Chapstick, aisle two
.

“Did you find everything you’re looking for?” he asks, belatedly. He bags our things in a way I’d say is overly tender.

“Nope,” Suzanne says. She takes her open bag of chips out of the plastic bag.

“Would you like to make a donation to the Eagle County Charter Academy soccer team?” he asks.

“Never heard of ’em,” Suzanne says.

She walks out and we follow, the bell sounding its bright chirp.

“Chapstick, aisle two,” I say.

“Ha!” Suzanne says. She looks at Kit, still trying to figure her out. “Your balls look so good,” she says to her. “I bet you’ll eat both of them.”

“You’re so trippy,” Kit says.

“Trippy? Never heard that one before.” Suzanne puts her arm around Kit and squeezes her like a fellow frat boy. She holds her other hand out in front of them. “How many fingers am I holding up?”

“Four,” Kit says.

“Your eyes are fine,” she says, and I remember we told her we’re taking her to the eye doctor.

“I’m going to go next door real quick,” I say, needing a moment alone.

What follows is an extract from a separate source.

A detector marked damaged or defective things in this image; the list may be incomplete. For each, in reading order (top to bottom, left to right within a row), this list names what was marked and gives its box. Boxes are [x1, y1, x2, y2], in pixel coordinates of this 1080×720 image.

I walk on the dry gravel to the shop next door and look at the fields with crooked gates and tamped-down golden grass. I think about Cully’s fondness for the smell of fuel. Two-stroke exhaust.

A crow caws and I smile to myself. That December morning when I walked away from his body, a crow released a forlorn cry, my shoes against the snow made it sound like I was walking on ice cubes, and I could smell the resin on the trees. I thought,
I can’t go outside again because of that fuckin’ bird and the sound of my shoes and the smell of sap. Every time I come out here, I’ll hear and smell his death.

But look at me now. I’m walking and the crows can caw their little hearts out.